Of course, there's no way that this man could have known that brake or bracken ferns don't poison the ground (they actually just prefer soil that's too acid for other crops), but his experience with the "weed" might have led him to reason that if he couldn't lick the blasted ferns, he ought to "join 'em". Had he made this assumption, he could even have come to realize that his runty, scrubby field of bracken was actually a garden in disguise!

In fact, with the addition of some miner's lettuce and violet leaves (both of which coexist nicely with bracken) the homesteader could have had fresh greens for his table through a good portion of the growing season!

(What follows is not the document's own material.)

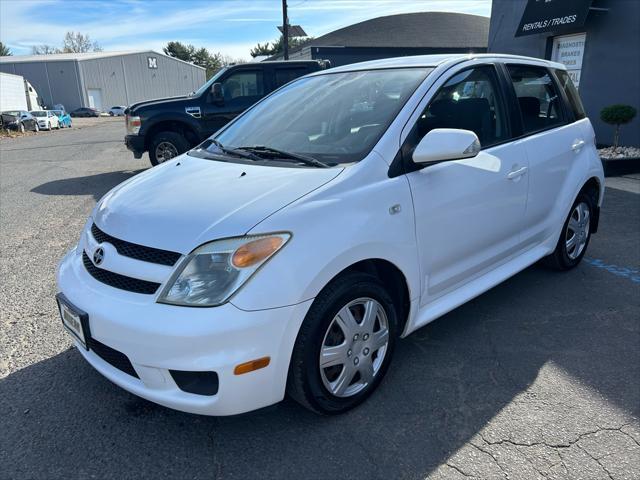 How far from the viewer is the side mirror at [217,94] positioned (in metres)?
9.40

And, since research has shown us that the sprouting tips of plants are usually high in protein, vitamins, and minerals, I'm convinced that—had the old squatter been able to read the directions that follow—his family would have been healthier and happier for their association with the common "brake."

First, Though, a Warning 

You should know that there is a mild poison in the mature specimens of the genus Pteridium. And, were you to eat 24 pounds of adult bracken a day for 30 consecutive days, you might have some problems. Even if you were tempted to indulge in such a bovine orgy, however, you could avoid disaster by not eating the fully developed leaves that contain the toxic matter. New, leafless shoots are safe (although these should be cooked to break down the enzyme thiaminase, which destroys vitamin B1 and could—again, if great quantities were eaten—lead to a B1 deficiency).

It's also important to be sure that you are picking the correct fern. The plant that you're after is the common brake or bracken fern, Pteridium (or Pteris ) aquilinum, which can be identified by the fact that its fronds fan out—usually in groups of three—from a central stalk, producing a coarse but beautiful plant that can reach a height of 50 or 60 inches.